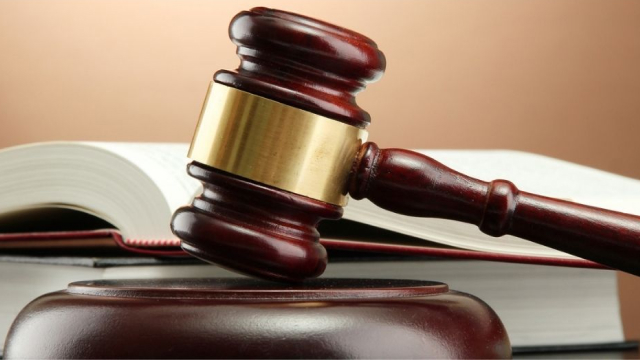 �������������� �������� ���� ������ ���������� ����������� � ��������� ���������� ��������� � ������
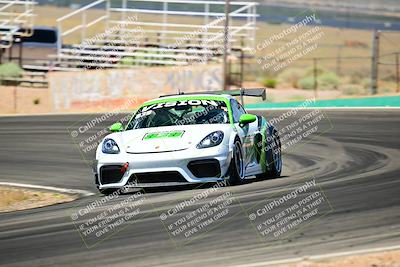media/Jun-07-2025-Speed Ventures (Sat) [[b125dfaa5b]]/Red group/Session 3 (Turn 4)/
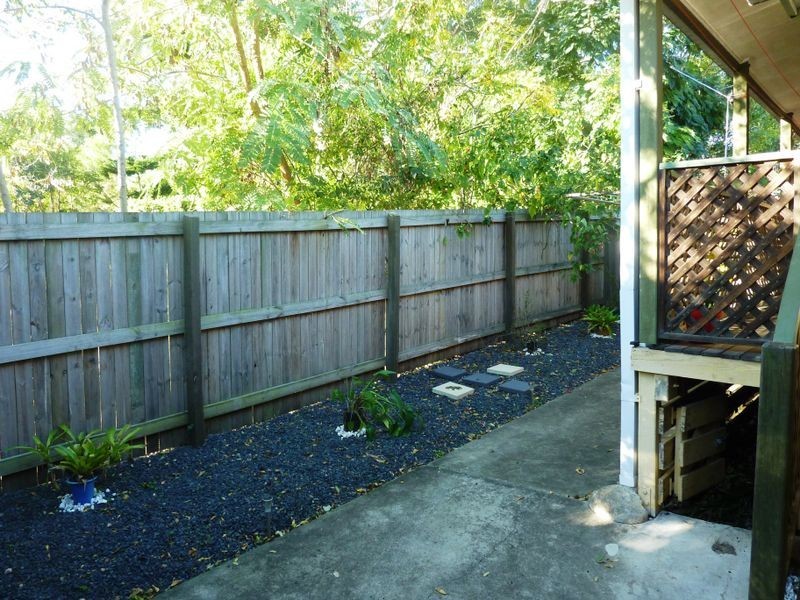 5/278 Redbank Plains Road, Bellbird Park QLD 4300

■ Task to complete: Please copy the data above character for character, skipping any pictures.

■ Exercise solution:
 �������������� �������� ���� ������ ���������� ����������� � ��������� ���������� ��������� � ������
media/Jun-07-2025-Speed Ventures (Sat) [[b125dfaa5b]]/Red group/Session 3 (Turn 4)/
 5/278 Redbank Plains Road, Bellbird Park QLD 4300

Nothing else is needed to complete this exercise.